No, I said they are excellent shelters.

My review.

Shelters that double as rain gear present some challenges.

Nick Gatel
(ngatel) - MLife

Locale: Southern California
Re: nice setup w/out wasting $$$ on 02/27/2014 06:13:55 MST Print View

Buying expensive gear that works is not a waste of money, but an investment. Buying cheap gear that works is an investment.

Buying expensive or cheap gear that doesn't or doesn't last is a waste of money.

Troy Childs
(tchilds) - F
Re: Re: nice setup w/out wasting $$$ on 02/28/2014 07:00:15 MST Print View

So so true. However, a lot of people don't realize once they get a hole in a $1,000 tent how much it can distract them from the experience of that trip. It looks so good on paper until your neighbor's dog rips a hole through it or a flying ember melts half of it away in an instant.

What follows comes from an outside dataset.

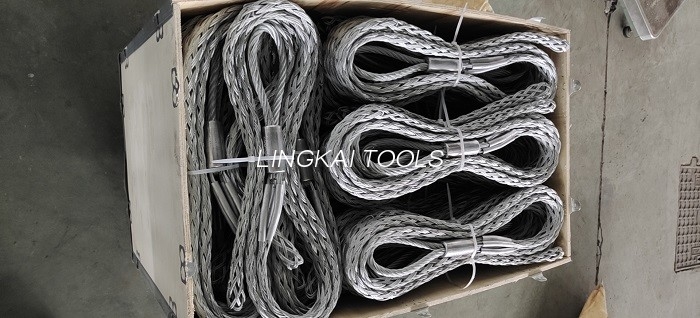 Model SLW Konduktor ACSR Menarik Pegangan Kaus Kaki Sambungan Wire Mesh Sambungan Kaus Kaki Jaring Konduktor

Might I suggest you add hot meals to your trips? College students already eat bad enough as it is. I couldn't imagine trying to enjoy my experience in the wilderness w/out hot meals. The firebox nano is what I added, but there is a larger firebox 5" too which can double as a mini bbq grill for kabobs, meat, or your catch of the day. I've even seen guys cook mini pizzas on them.

I like the stoves that fold flat over the stoves that take up pack volume. They are not the lightest thing you carry (made of hardened carbon steel if you want them to last as an investment). Folding them flat against your back reduces the weight a lot more than simply being stuck with a cylinder like the bushbuddy and packing it full of stuff to reduce the volume less efficiently than a folding design.

Alex Herron
(AlexHerron) - F

Locale: Front Range
Expensive gear and stoves on 03/01/2014 12:41:20 MST Print View

Thanks troy for the insights. I recently noticed that I was concerned more about my gear than being outdoors and as a result will probably troll around here less haha. But one last gear comment. I always find the stove thing to be more of a hassle, plus just eating a jar of peanut butter and a bag of MnMs is just too dang convenient. My intestines are made of titanium... not steel to save on weight haha. I do carry an esbit system when no liquid water will be available though. BUDGET ULERS UNITE!

Dena Kelley
(EagleRiverDee) - M

Locale: Eagle River, Alaska
Hot meals on 03/01/2014 20:00:56 MST Print View

I'm like Troy, I much prefer my wilderness experiences to include at least one hot meal a day, preferably two (breakfast and dinner). But I respect the heck out of people that go absolutely minimalist and eat cold trail chow. I went with a lady a couple years ago that brought GORP alone for her meals, and a pint of whiskey to go with "dinner". She was cool. Personally I find a hot meal much more satisfying, though, so I've been glad that stove and pot weights have come down so much.